Responding to this clearer picture, Kyte says companies are adopting a ‘long-term perspective’ to B2B gearing, while the original belief in ‘first-mover advantage’ is no longer seen as a significant competitive edge in the race to achieving a B2B presence. Many companies have adopted a slower, more circumspect approach to establishing a B2B component to their operations. Kyte comments: ‘People no longer believe that if you don’t do e-business today, it will be too late tomorrow.’
A B2B shakedown
All the evidence points to consolidations, mergers and the demise of many B2B ventures. A recent IDC report said predictions that there would be thousands of e-marketplaces within the next four years were hopelessly exaggerated. Leo Lipis, a senior analyst at IDC says that many of the e-marketplaces announced will not actually be built and many of those that are launched will not survive.
Rather, Lipis predicted the emergence of ‘super e-marketplaces’ – the result of B2B exchange mergers – in an effort to offset running costs and long-term profitability targets. He believes some of these exchanges will grow to have a ‘total market value exceeding $10bn (£6.71bn) by 2004’. Analysts are now predicting two types of B2B exchanges: Consortia-led exchanges that will be so vast they will become the virtual equivalent of industrial marketplaces, and dotcom vertical networks, which will service niche professions or communities, for example Vertical.net.
Less than 200 B2B exchanges left standing
According to research house Giga Information Group: ‘Consortia-led e-marketplaces are less likely to face financial problems than their independent rivals because their owners have deep pockets.’
A Forrester report on the B2B market echoed this trend towards exchange mergers, but offered a much harsher picture of a huge sector-wide consolidation, leaving fewer than 200 survivors.
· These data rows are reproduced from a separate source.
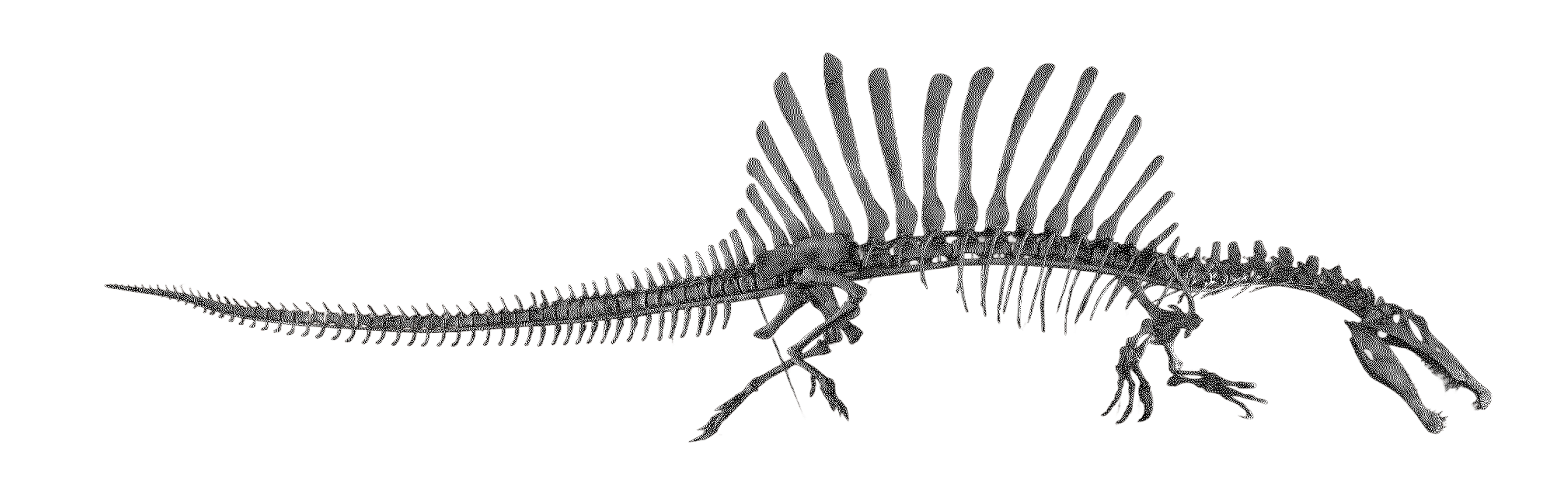 spino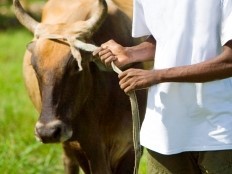Haïti - Justice : Arrestations de voleurs de bétails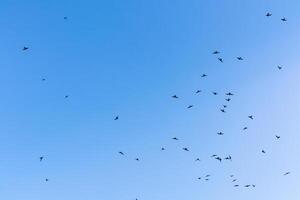 die vögel fliegen am blauen himmel, himmel hintergrundbild foto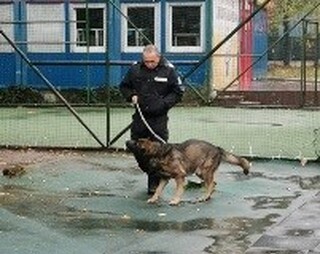 В деня на своя професионален празник столични полицаи гостуваха на ученици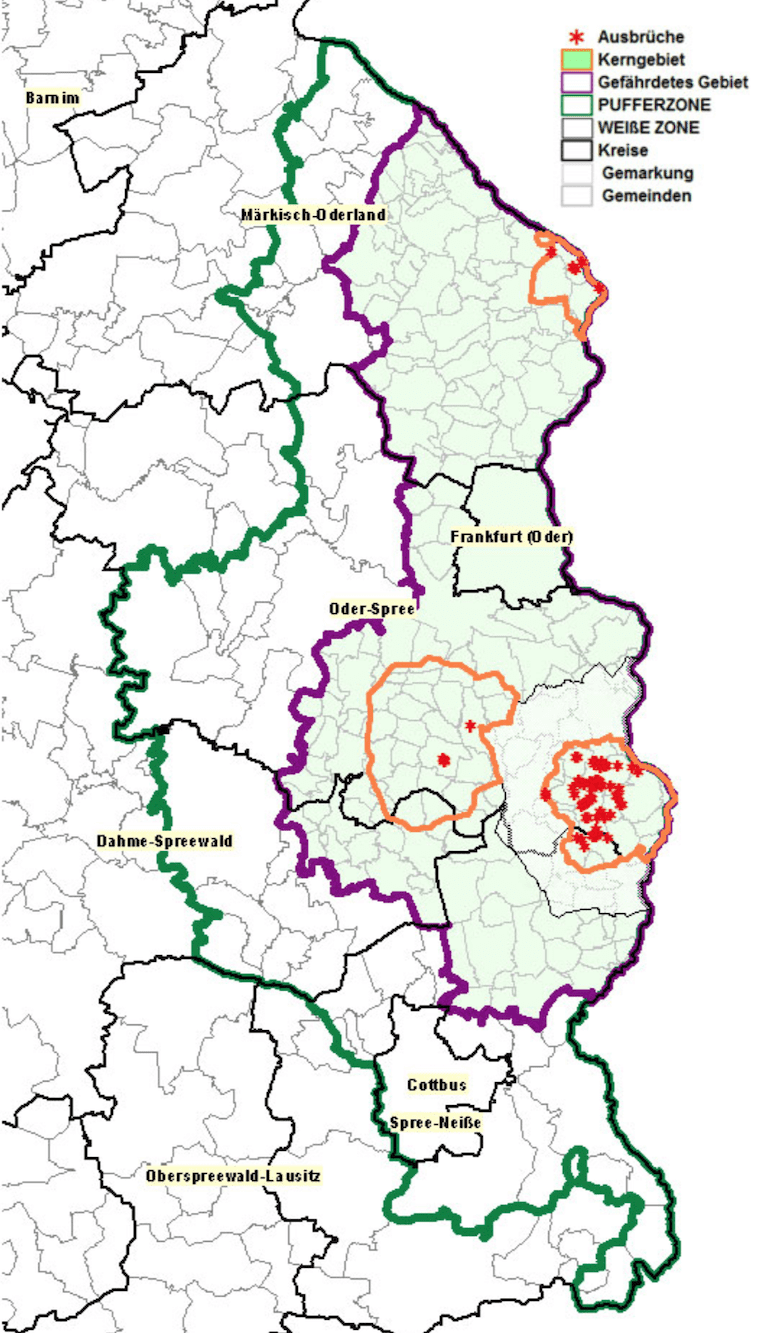 ++ Bundeswehr Errichtet Wildzaun Gegen ASP In Sachsen-Anhalt++ ...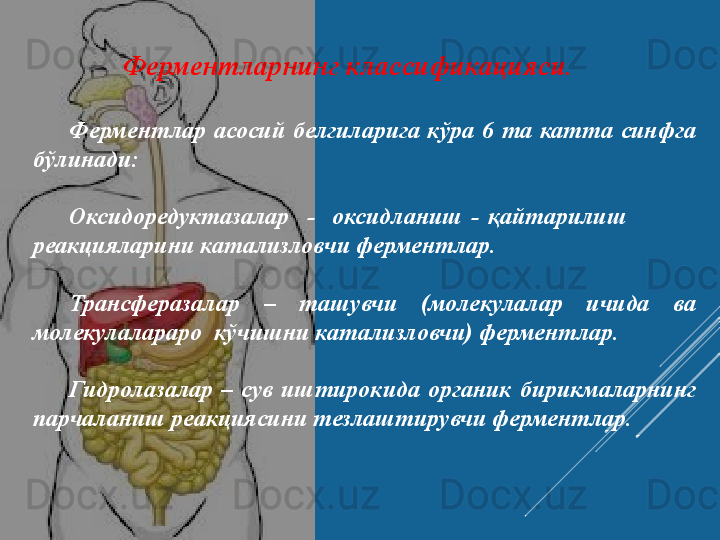           Ферментларнинг	 классификацияси.
Ферментлар	
 асосий	 белгиларига	 кўра	 6  	та	 катта  	синфга	 
бўлинади:
Оксидоредуктазалар	
   	-  оксидланиш	 - қайтарилиш	         
реакцияларини	
 катализловчи	 ферментлар.
 
Трансферазалар	
 	–	 	ташувчи  	(молекулалар	 	ичида	 	ва	 
молекулалараро	
  кўчишни	 катализловчи)  	ферментлар.
 
Гидролазалар	
 –	 сув	 иштирокида	 органик	 бирикмаларнинг	 
парчаланиш	
 реакциясини	 тезлаштирувчи	 ферментлар. 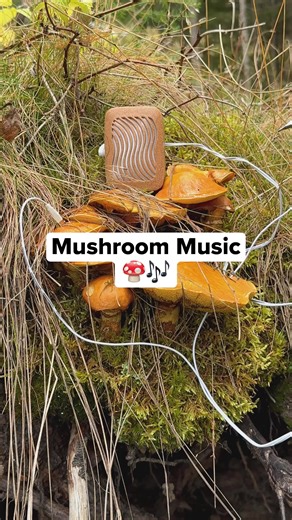 Mushroom music. 🍄🎶 This mushroom grows low to the forest floor, feeding on decaying wood and helping return nutrients back into the soil. Fungi like this are essential to forest ecosystems, quietly connecting trees and plants underground. We found this mushroom in the forest and connected it to our device, translating tiny electrical shifts in its tissue into sound. You’ll notice a slightly quirky, playful synth line emerging as the mushroom’s activity changes, with notes hopping and wandering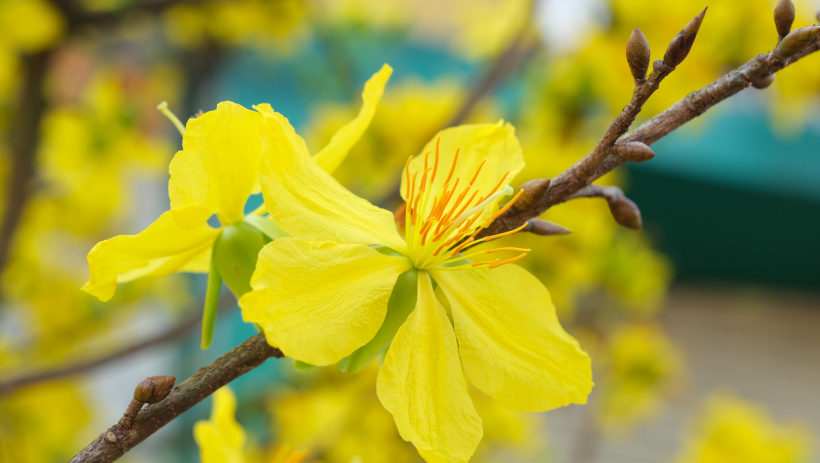 Rực rỡ chợ hoa xu&acirc;n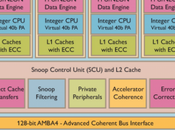 dévoile caractéristiques Cortex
Forrester’s final prediction is that there will be only 181 B2B exchanges left by the end of 2003.
All this evidence suggests the obstacles facing B2B exchanges in the next 12 to 18 months will be monumental. Giga predicts many will struggle to obtain additional funding from venture capitalists, a scenario that precipitated the collapse of many dotcoms (most notably financial website TheStreet.co.uk). And B2B ventures will need to attract extra funds order to attract customers and build up sufficient critical mass.
In addition, antitrust issues – for industry-sized e-marketplaces like car parts exchange Covisint and the World Retail-Exchange- lack of customers, competitor tensions, a shortage of suppliers and inappropriate enabling technology will see the downfall of many B2B ventures.
A new internet landscape
Despite this cautious approach, and the array of challenges facing investors, B2B ventures are still expected to succeed by 2004 after the internet has undergone the equivalent of an industrial revolution.
By then B2B e-commerce is likely to be just one of a collection of new e-commerce initiatives dotting the virtual landscape.
Additional reporting by Computing magazine and vnunet.com.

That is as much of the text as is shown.